By 1941, when Eddie was a one-year-old toddler, E.V. was struggling to make White Industrial Sales a success and had adopted the nocturnal schedule—rising late in the afternoon and working throughout the night—that was most natural to him and that he would adhere to for the rest of his life. He began to insist that Delilah accompany him to the office each night because he wanted her by his side as he worked. But after several weeks of this Delilah begged off, complaining that sitting up all night with him had so exhausted her that it was threatening her health. It was at this point that E.V. began to turn more and more to his secretary, Kay Beard, who was soon giving him everything he needed from a woman and helpmate. Kay was the third employee E.V. had hired, and the first from outside the family (his younger brother Bill White and wife Helen were on the staff from the beginning). After several years as his mistress, Kay became—just weeks after E.V.’s divorce from Delilah had gone through—his second wife. Kay’s union with E.V. now looks so natural and inevitable, particularly given how poorly matched E.V. and Delilah were, that the only surprise, really, is that they waited six long years before tying the knot. This delay had nothing to do with the quality of their rapport and everything to do with E.V.’s hesitancy to risk scaring off business in conservative Cincinnati by tainting his image with a scandalous divorce.

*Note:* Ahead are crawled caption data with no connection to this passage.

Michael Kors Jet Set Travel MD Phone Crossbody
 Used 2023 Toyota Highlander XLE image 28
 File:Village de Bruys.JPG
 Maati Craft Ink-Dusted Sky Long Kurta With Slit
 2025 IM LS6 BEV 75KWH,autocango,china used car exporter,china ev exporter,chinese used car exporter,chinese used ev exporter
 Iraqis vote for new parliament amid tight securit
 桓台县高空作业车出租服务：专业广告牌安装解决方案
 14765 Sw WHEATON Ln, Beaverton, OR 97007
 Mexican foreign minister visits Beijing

What won E.V.’s heart was clearly the intense, single-minded, around-the-clock devotion to him that Kay displayed, a devotion that compared so favorably with Delilah’s self-centered grumbling. During these last years of marriage to Delilah, E.V.’s life revolved solely around White Industrial Sales. He spent nearly every waking hour at the office, engrossed in the risky enterprise of making and keeping his company financially viable, and even if he hadn’t been conducting a love affair with Kay he still would have seen infinitely more of her than Delilah back at home. When he did see Delilah, what he saw all too often was a spendthrift wife who had the annoying habit, moreover, of praying aloud each time they were about to have sex.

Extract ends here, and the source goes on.